Reps Jenna M, Rijnbeek Peter R, Ryan Patrick B
, Johnson & Johnson, Raritan, NJ, USA.
Department of Medical Informatics, Erasmus University Medical Center, Rotterdam, The Netherlands.
Diagn Progn Res. 2025 Apr 17;9(1):10. doi: 10.1186/s41512-025-00191-x.

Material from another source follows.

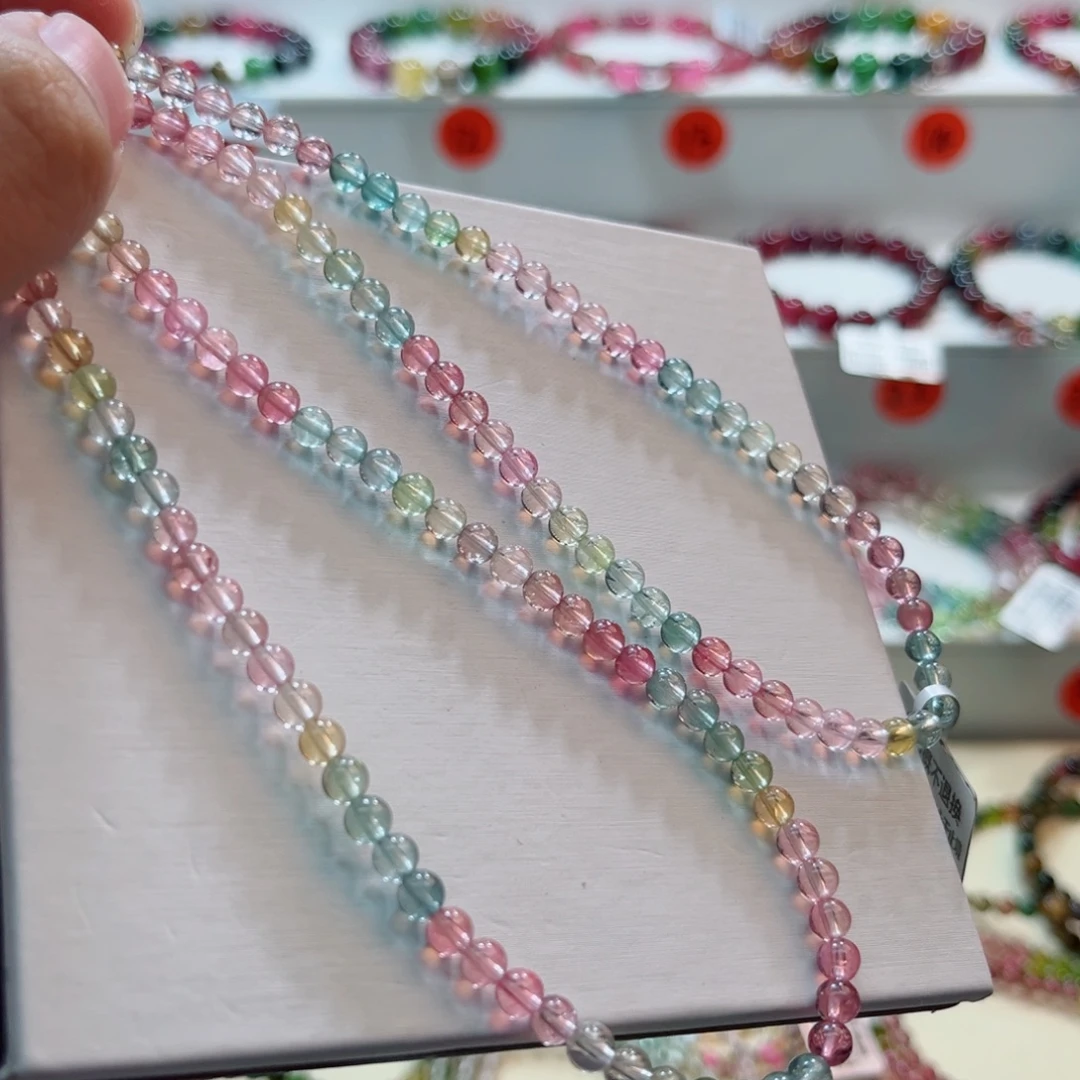 碧玺未镶嵌手链碧玺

Large observational healthcare databases are frequently used to develop models to be implemented in real-world clinical practice populations. For example, these databases were used to develop COVID severity models that guided interventions such as who to prioritize vaccinating during the pandemic. However, the clinical setting and observational databases often differ in the types of patients (case mix), and it is a nontrivial process to identify patients with medical conditions (phenotyping) in these databases. In this study, we investigate how sensitive a model's performance is to the choice of development database, population, and outcome phenotype.
We developed > 450 different logistic regression models for nine prediction tasks across seven databases with a range of suitable population and outcome phenotypes. Performance stability within tasks was calculated by applying each model to data created by permuting the database, population, or outcome phenotype. We investigate performance (AUROC, scaled Brier, and calibration-in-the-large) stability and individual risk estimate stability.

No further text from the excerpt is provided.